Our five revolving credit facilities are described in Note 6, Long-Term Debt, to our consolidated financial statements included in this report.
Three of the revolving credit facilities contain covenants that require OPCO to maintain the greater of a minimum liquidity (cash, cash equivalents and undrawn committed revolving credit lines with at least six months of maturity) of $75.0 million and 5.0% of OPCO’s total consolidated debt. The remaining two revolving credit facilities are guaranteed by Teekay Corporation and contain covenants that require Teekay Corporation to maintain the greater of a minimum liquidity of $50.0 million and 5.0% of Teekay Corporation’s total debt, which has recourse to Teekay Corporation. As at June 30, 2008, we, OPCO and, to our knowledge, Teekay Corporation were in compliance with all of our and its covenants under these credit facilities.
The term loans of our 50% owned subsidiaries are collateralized by first-priority mortgages on the vessels to which the loans relate, together with other related security. As at June 30, 2008, we had guaranteed $99.0 million of these term loans, which represents our 50% share of the outstanding vessel mortgage debt in five of these 50% owned subsidiaries. The other owner and Teekay Corporation have guaranteed the remaining $201.3 million.

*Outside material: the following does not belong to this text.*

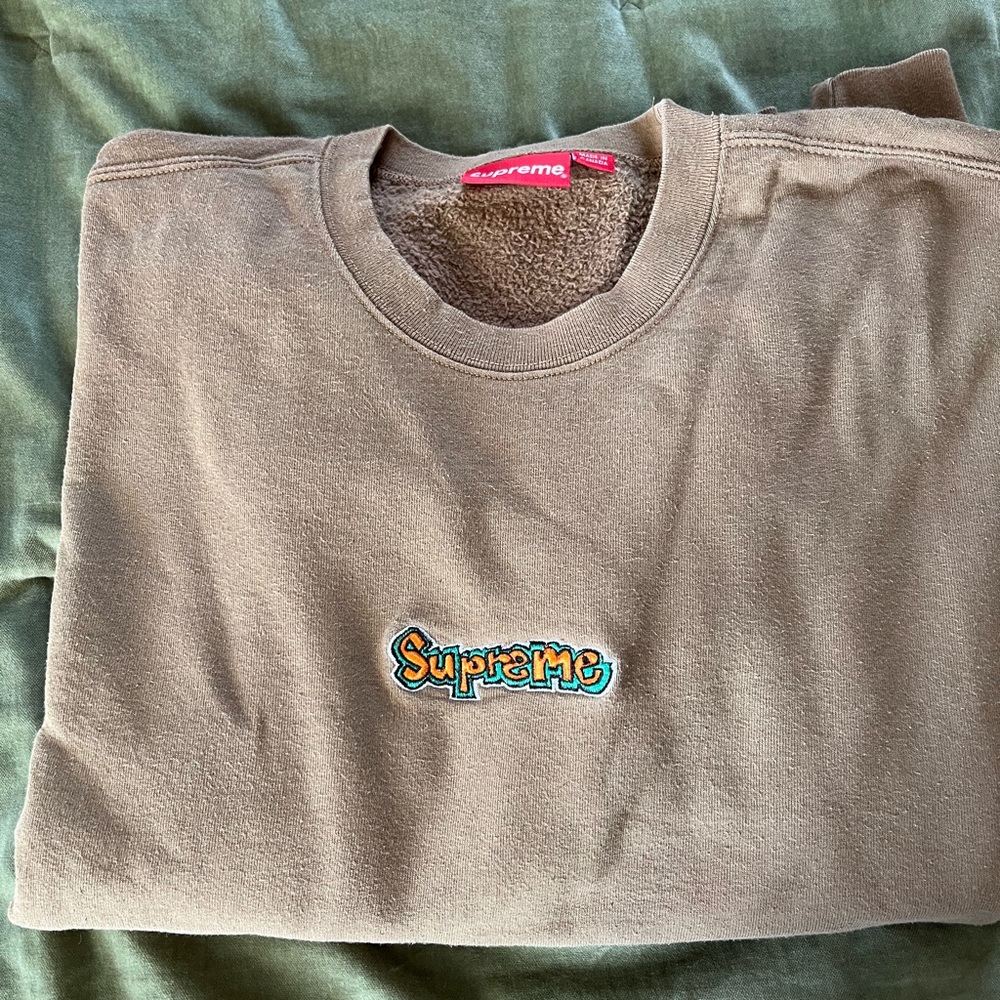 Supreme crewneck - collab with Mark Gonzales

Interest payments on the revolving credit facilities and term loans are based on LIBOR plus a margin. At June 30, 2008 and December 31, 2007, the margins ranged between 0.45% and 0.80%.
All of our vessel financings are collateralized by the applicable vessels. The term loans used to finance the six 50% owned subsidiaries and our revolving credit facility agreements contain typical covenants and other restrictions, including those that restrict the relevant subsidiaries from:
   
incurring or guaranteeing indebtedness (applicable to our term loans and two of our revolving credit facility facilities);
   
changing ownership or structure, including by mergers, consolidations, liquidations and dissolutions;
   
making dividends or distributions when in default of the relevant loans;
   
making capital expenditures in excess of specified levels;
   
making certain negative pledges or granting certain liens;
   
selling, transferring, assigning or conveying assets; or
   
entering into a new line of business.
We conduct our funding and treasury activities within corporate policies designed to minimize borrowing costs and maximize investment returns while maintaining the safety of the funds and appropriate levels of liquidity for our purposes. We hold cash and cash equivalents primarily in U.S. Dollars.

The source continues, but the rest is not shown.